Menelusuri Jejak Sejarah Pura Bukit Dharma Durga Kutri di Bali
Pura Bukit Dharma Durga Kutri, berdiri sejak tahun 835 caka di Bali, membuka tirai sejarah yang kaya. Bermula dari masa pemerintahan Raja Sri Kesari Warmadewa, berkembang pesat di bawah pemerintahan Udayana pada abad ke-10, pura ini menjadi simbol evolusi budaya dan spiritual Bali. Dengan dukungan prasasti seperti Peguyangan dan Prangsada, terlihat bahwa pura ini memainkan peran sentral dalam kehidupan keagamaan masyarakat. Persatuan simbolis antara Brahma, Wisnu, dan Siwa terwujud dalam patung Durga Mahesamardini Astabuja. Pura Bukit Dharma, dengan konsep Tri Mandala-nya, mencerminkan perpaduan harmonis antara spiritualitas dan arsitektur. Keberartian yang berkelanjutan dari pura ini tidak hanya terletak pada patung puncaknya, tetapi juga pada beragam patung di halaman utama, memberikan pandangan menarik ke masa kejayaan Bali yang megah.
Pura Bukit Dharma Durga Kutri, yang diduga telah berdiri sejak tahun 835 caka berdasarkan prasasti di Bali, menjadi saksi bisu keindahan sejarah pulau ini. Berlokasi di Banjar Kutri, sepanjang jalan utama menuju Blahbatuh, Gianyar, pura ini menyimpan keunikan dengan bukit dan hutan kecil yang melingkupi utama mandalanya.
Hutan Kecil di Pura Bukit Dharma Durga Kutri (Sumber: Koleksi Pribadi)
Awal mula Pura Bukit Dharma sebagai kahyangan jagat dapat ditelusuri dari pemerintahan Raja Sri Kesari Warmadewa hingga masa kejayaan Udayana pada abad ke-10 M. Pemerintahan Udayana, yang ditemani permaisuri Gunapriya Dharmapatni, mencapai puncaknya dengan wilayah kerajaan Bali yang meluas hingga Timor Timur. Prasasti seperti Peguyangan, Tengkulak, Trunyan, dan Prangsada memberikan dukungan terhadap eksistensi pura ini.

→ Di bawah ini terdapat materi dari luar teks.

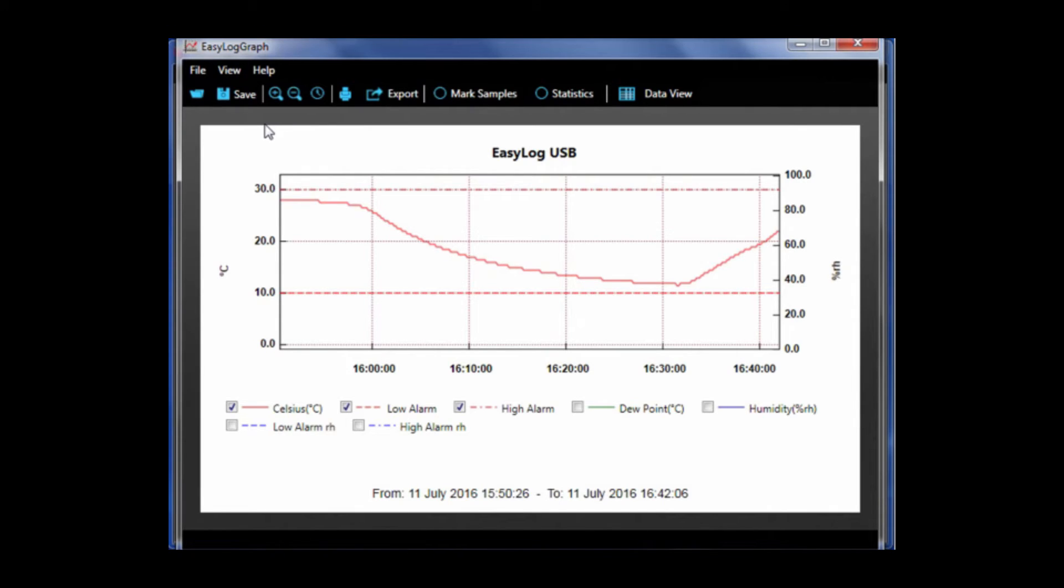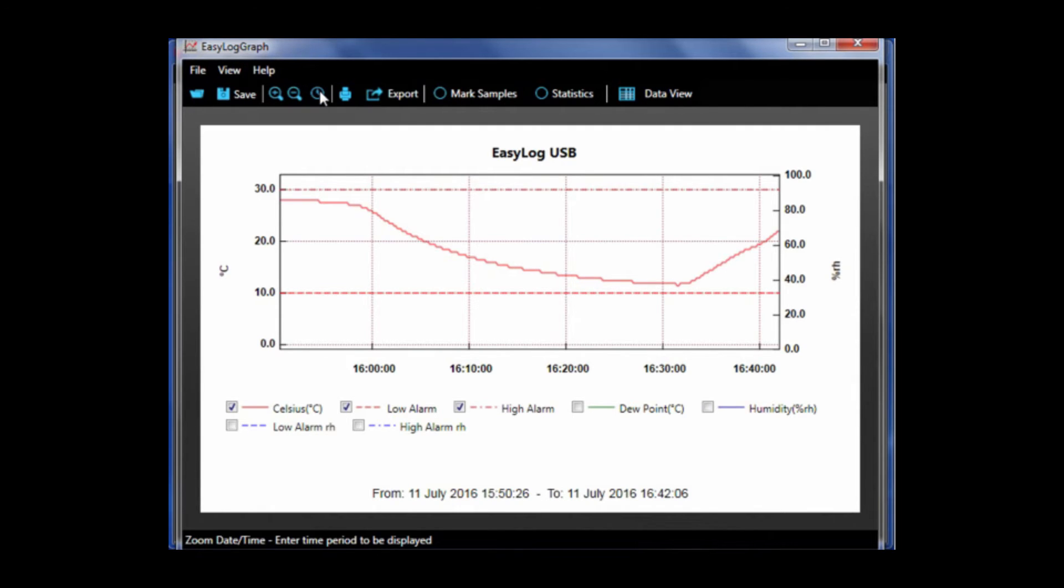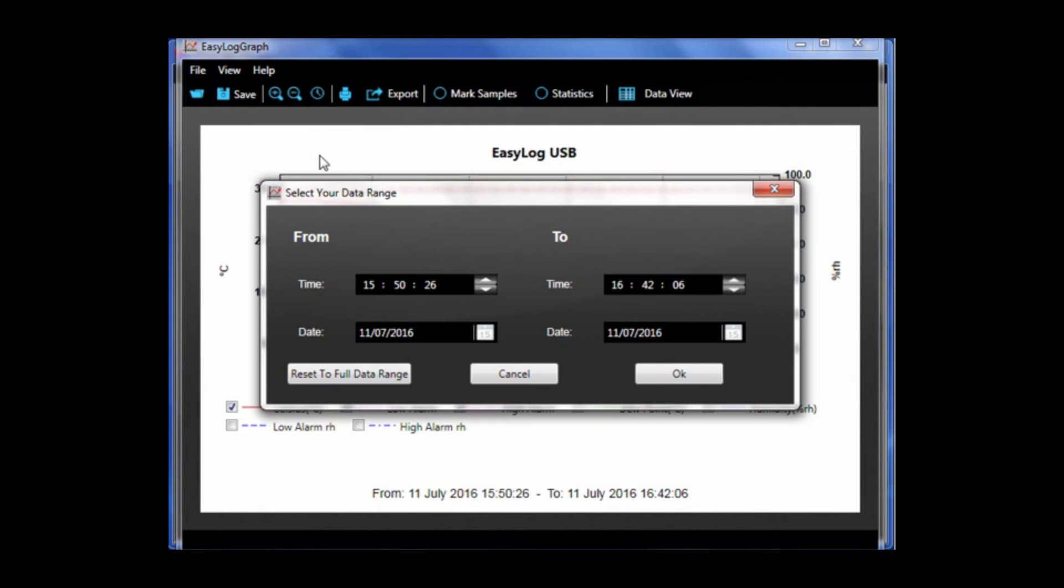To the right of that is a magnifying glass with the plus and minus which allows you to zoom in and out of a selected area on the graph. Also there is a clock image which allows you to enter a specific date and time period to be displayed.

Prasasti Prangsada menggambarkan keyakinan Prabu Anak Wungsu terhadap ibunya, Ratu Mahendradatta Udayana, yang kembali bersatu secara simbolis dengan Surya di Candi Burwan. Makna yang terkandung menunjukkan bahwa Raja dan rakyat saat itu merupakan pemuja Surya (Wisnu), dan Pura Bukit Dharma sudah berdiri pada pemerintahan Ratu Mahendradatta.
Prasasti Peguyangan menguatkan pengabdian masyarakat kepada Tuhan yang dipuja di Buruan, menjadi dasar hidup bernegara dan beragama di bawah pemerintahan Ratu Mahendradatta Udayana. Hidup berjalan di jalan dharma sesuai dengan ajaran Pura Bukit Dharma diharapkan mendatangkan berkah.
Arca Durga Mahesamardini Astabuja (Sumber : Koleksi Pribadi)
Arca Durga Mahesamardini Astabuja, yang melambangkan Gayatri, menjadi perwujudan penyatuan kekuatan Brahma, Wisnu, dan Siwa. Konsep Tri Mandala dan Tri Loka dalam penataan pura mencerminkan harmoni antara Nista Mandala, Madya Mandala, dan Utama Mandala.
Pura Bukit Dharma bukan hanya tempat arca Durga Mahesamardini Astabuja di puncaknya, tetapi juga menampilkan keindahan arca Gedong Pesaren, Arca Budha, Siwa, Lingga Yoni, dan arca Gedong Doho di penataran agungnya, yang kemungkinan berkaitan dengan leluhur Raja Sejoli. Sebuah perjalanan menyeluruh ke masa lalu yang memukau dan memberi makna pada keberadaan pura ini hingga hari ini.